Doctor Who and the Dalek Super-Brain by jkj yuio
I’m not sure what this game is trying to do, both in terms of tone and in terms of gameplay. Let’s start with the first. On the one hand, everything seems to indicate that this is a light-hearted sci-fi romp. The evil opponents are robots that look as if they were designed by the antagonist of Day of the Tentacle. One of the first things you say to your companion is: “You are from the '80s?” after which she smiles happily and starts naming her favourite bands. And you win the game by tricking a smart computer into thinking about time travel paradoxes. But, on the other hand, said companion is brutally tortured and murdered within five minutes of starting the game, and the only other human NPC is probably going to die from radiation poisoning after being forced to work with radioactive materials. I’m all for the juxtaposition of very different tonal registers; it’s exactly what I did in my two previous IFComp games. But it requires careful thought and attention to make it work, and it seems to me that Doctor Who and the Dalek Super-Brain just throws them together and doesn’t do anything to turn it into a coherent whole.

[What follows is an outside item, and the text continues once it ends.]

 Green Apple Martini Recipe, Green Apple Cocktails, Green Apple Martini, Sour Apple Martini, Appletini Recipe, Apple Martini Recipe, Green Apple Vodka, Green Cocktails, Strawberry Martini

Moving on to gameplay, I’m unclear what the player is supposed to be doing. There’s some exploration, but there’s not much to find – the Dalek ship is basically empty, and the mine planet is extremely limited and linear. There’s a puzzle, but as far as I can see there’s no way to find out from the description of the technological objects which one is the right one, and so you’re reduced to just trying everything until you hit on the solution. And the final, climactic puzzle… is solved by the player character without any input from the player. A massive anti-climax.
The story also doesn’t make much sense. There’s some evil robots who want to time travel, and they steal this knowledge from me, but first their super computer needs to turn the ‘formula’ into… something, I have no idea, and then the evil robots let me loose right next to this supercomputer so I can go and sabotage it. But I think they still have the formula, right? So what’s going to stop them from working out time travel anyway? Given that I have time travel, they probably don’t even need a supercomputer to make it work. It doesn’t make any sense.
I have never seen any Dr. Who, so perhaps everything is much better if you go into this with the right background knowledge. But playing this game has certainly not made me more eager to watch the series.